Самоубийство всячески очерняют, говоря, что это для слабаков. Но тот, кому довелось прибегнуть к попытке суицида опровергнет данное убеждение: на деле это не так легко и вовсе не для слабаков. В действительности как раз сильные духом и покидают этот мир при первой же возможности. А слабаки всячески оттягивают, убеждая себя и остальных, что еще не время. И так как с увеличивающимся на наших телах налетом лет наши дела, как правило, только ухудшаются, то все те, с кем нам приходится иметь дело – либо трусы, утверждающие, что все будет хорошо, либо слабаки.

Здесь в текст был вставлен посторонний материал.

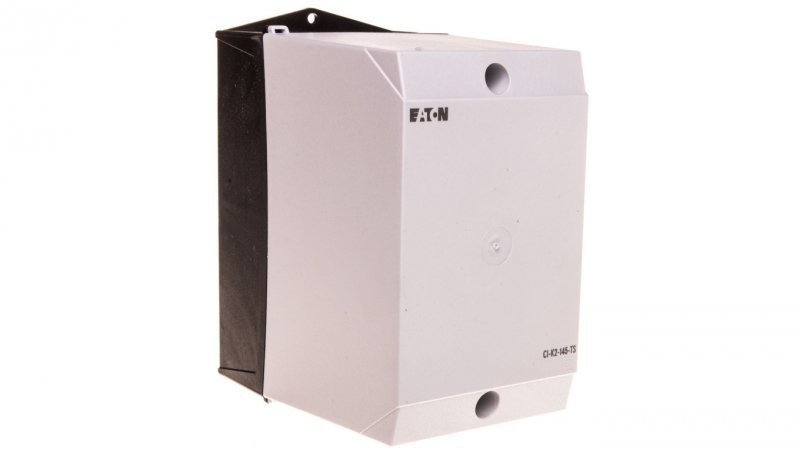 Eaton Obudowa 160x100x145mm IP65 z szyną montażową CI-K2-145-TS 206883 206883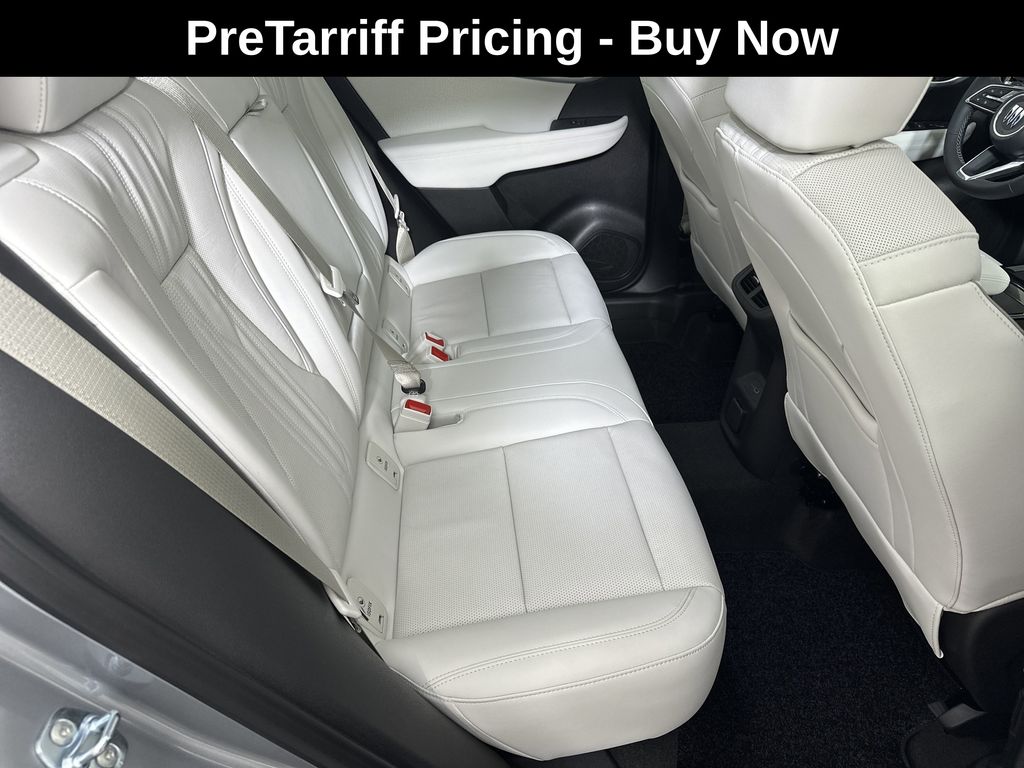 new 2025 Buick Envision car, priced at $45,095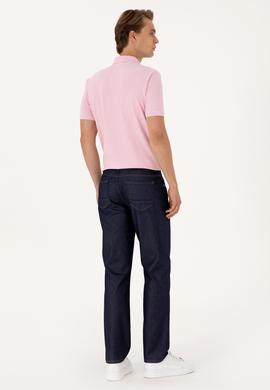 Erkek Mavi Jean Pantolon - 50297912027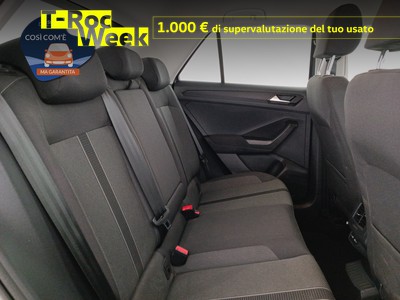 9 - Volkswagen T-Roc eschini auto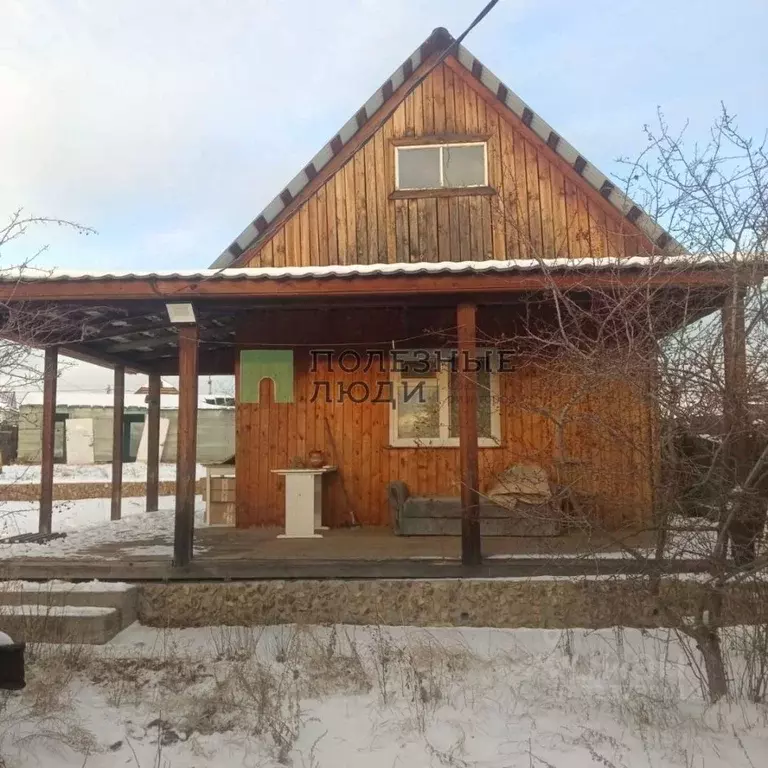 Дом в Забайкальский край, Читинский район, с. Смоленка Армейская ул., ... - Фото 2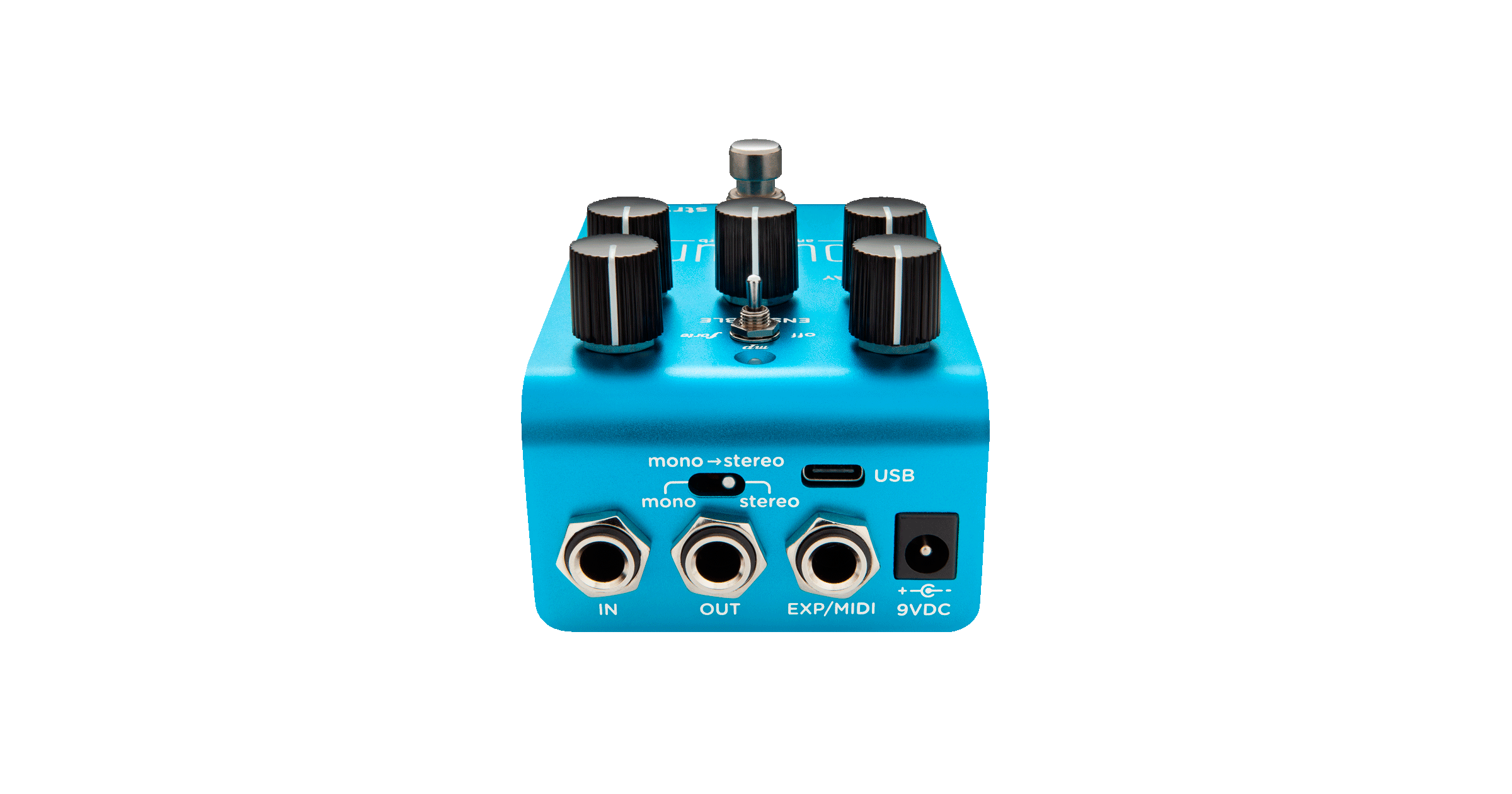 strymon | cloudburst | アンビエント・リバーブ | 製品情報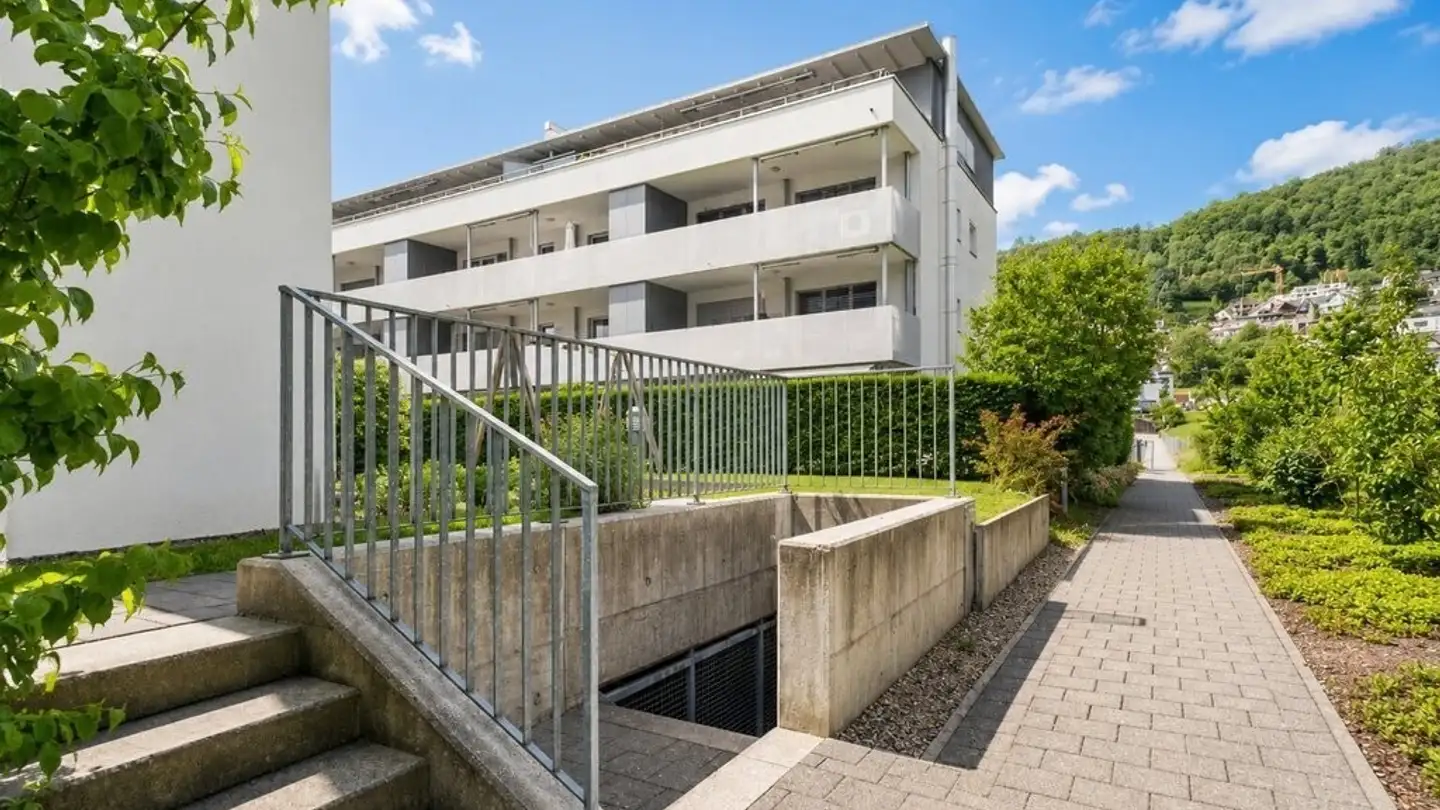 Attico in affitto - Einschlagstrasse 33, 4622 Egerkingen - Foto 2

Прожив некоторое время с отрытыми глазами и насмотревшись на окружающий их мир, люди предпочитают закрывать глаза и со всех сил держать их закрытыми, повторяя «всё наладится» до самой смерти. А иные не в силах со всем этим покончить, терпят ужасы и боль, их жизнь не протекает, а агонизирует.

Пока трусы, зажмурив глаза ждут, слабаки говорят, что нужно всегда ожидать худшего, так как его лучше всего встречать подготовленным, а лучшее можно встретить сымпровизировав. Среди слабаков водятся в основном неординарные люди, вроде Витгенштейна, который в Первую мировую войну отправился добровольцем на фронт, чтобы погибнуть в бою, но ему не повезло и он всю жизнь прожил в затяжной депрессии, попутно внеся в мировую философию значительные идеи. Но он всё же слабак, слабаки так и остаются слабаками, а трусы — трусами. И сверхчеловек среди них, так же как и они, живет сегодняшним днем, усердно надеясь, что завтрашний день его не сожрет, а если и сожрет - то безболезненно.